§ INPUT FOR THIS TASK

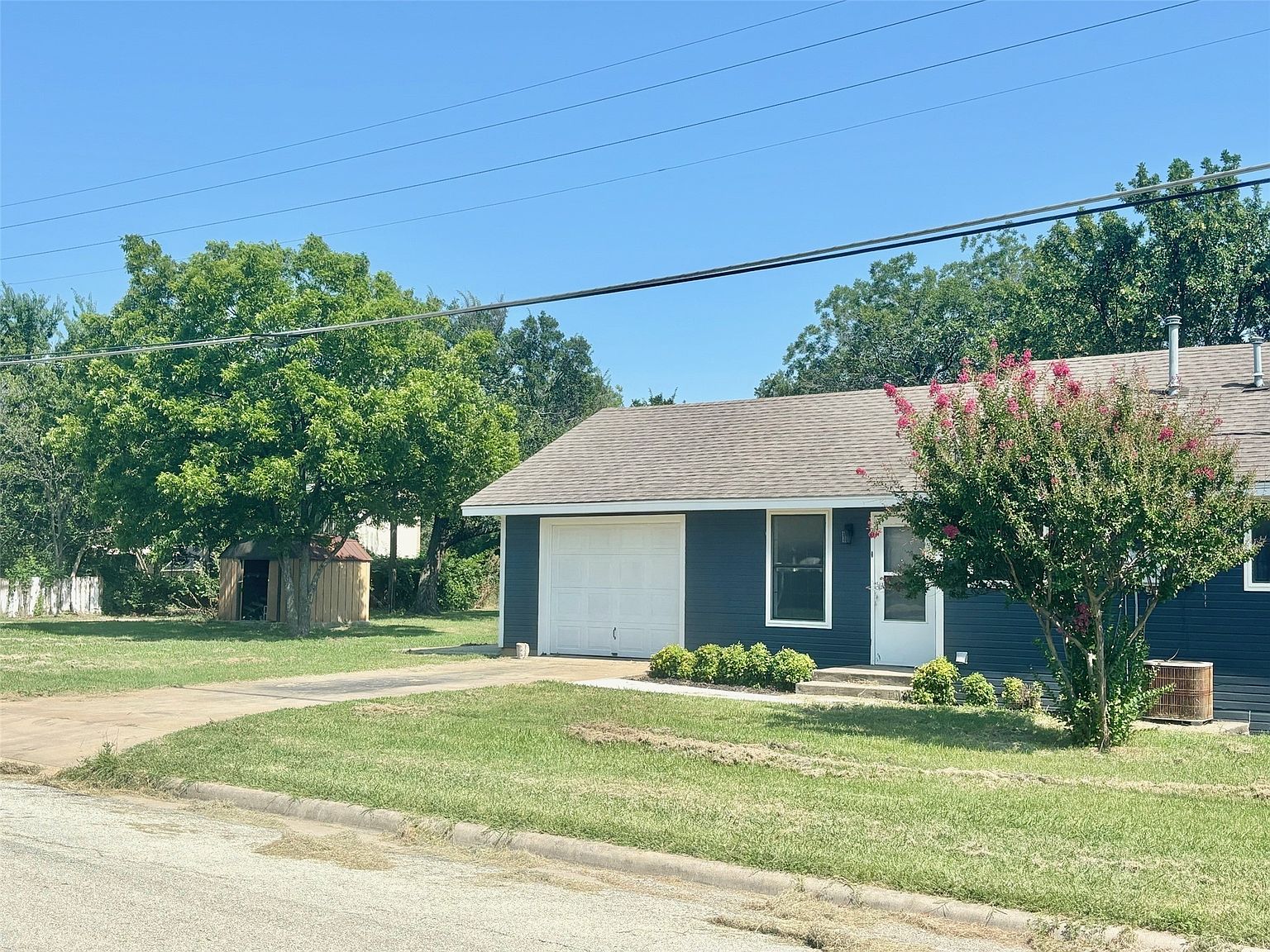 201 Decatur St, Nocona, TX 76255 | Zillow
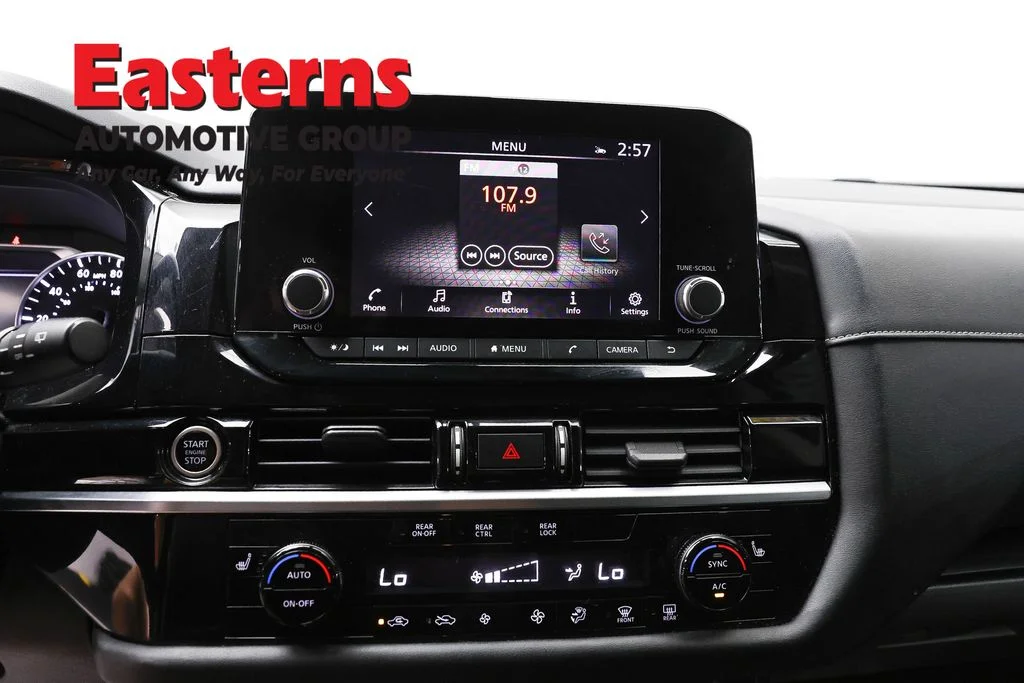 Used 2022 Gray Nissan SV image 12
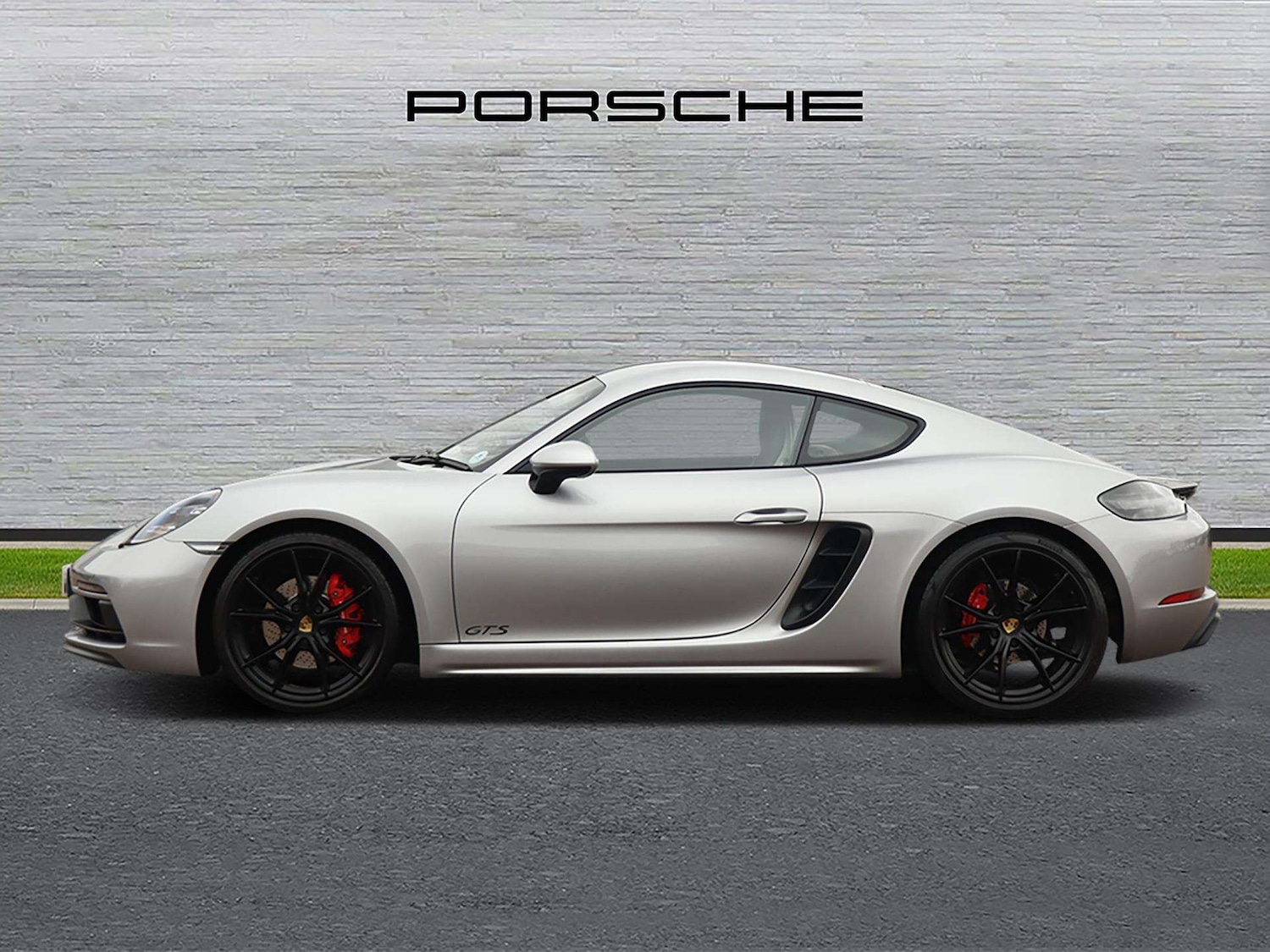 Used Porsche Cayman 2019 for sale - 76746133: Photo 6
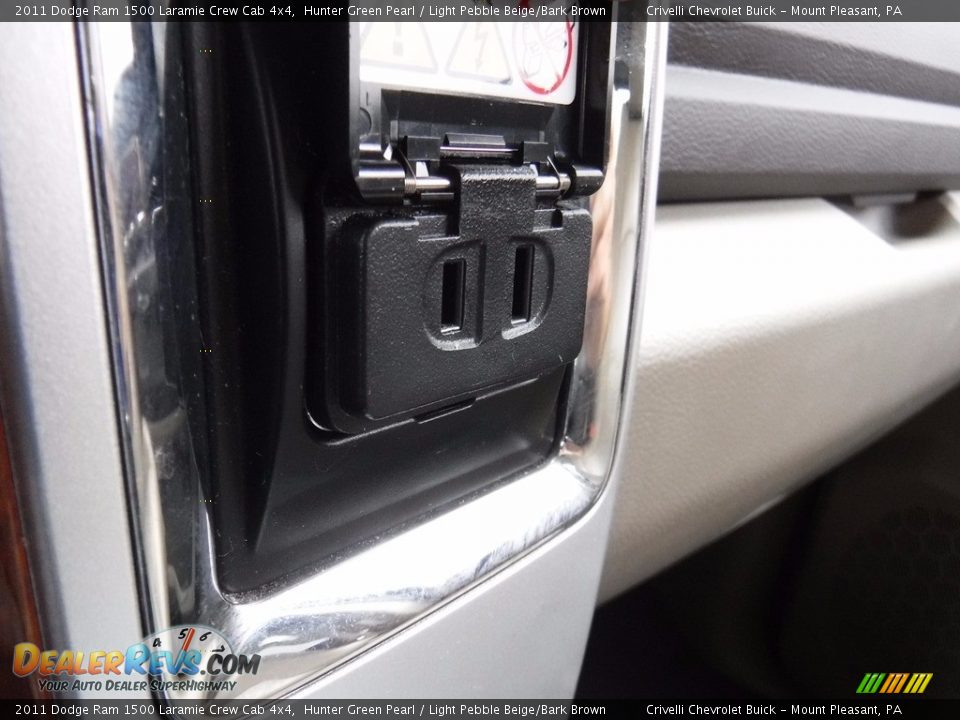 2011 Dodge Ram 1500 Laramie Crew Cab 4x4 Hunter Green Pearl / Light Pebble Beige/Bark Brown Photo #32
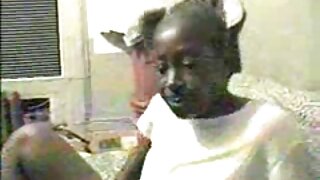 Une rousse blanche potelée baise avec videos pornos de vieilles deux noirs sur le lit
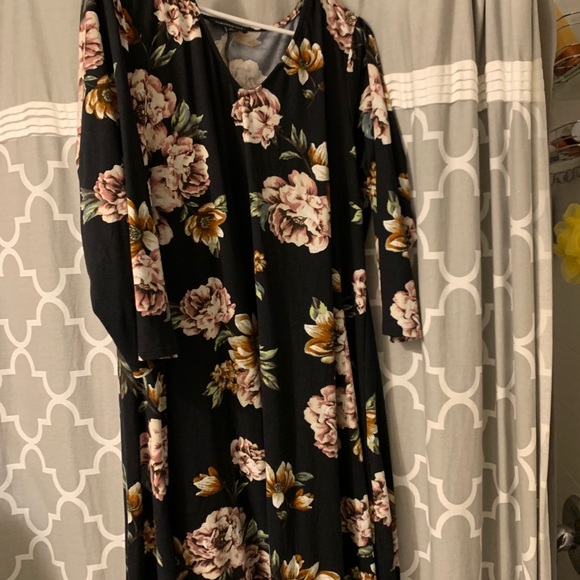 Floral Dress - Picture 6 of 7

§ WHAT IS EXPECTED
Copy all the entries above exactly as they stand, except for the pictures.

§ THE ANSWER
 201 Decatur St, Nocona, TX 76255 | Zillow
 Used 2022 Gray Nissan SV image 12
 Used Porsche Cayman 2019 for sale - 76746133: Photo 6
 2011 Dodge Ram 1500 Laramie Crew Cab 4x4 Hunter Green Pearl / Light Pebble Beige/Bark Brown Photo #32
 Une rousse blanche potelée baise avec videos pornos de vieilles deux noirs sur le lit
 Floral Dress - Picture 6 of 7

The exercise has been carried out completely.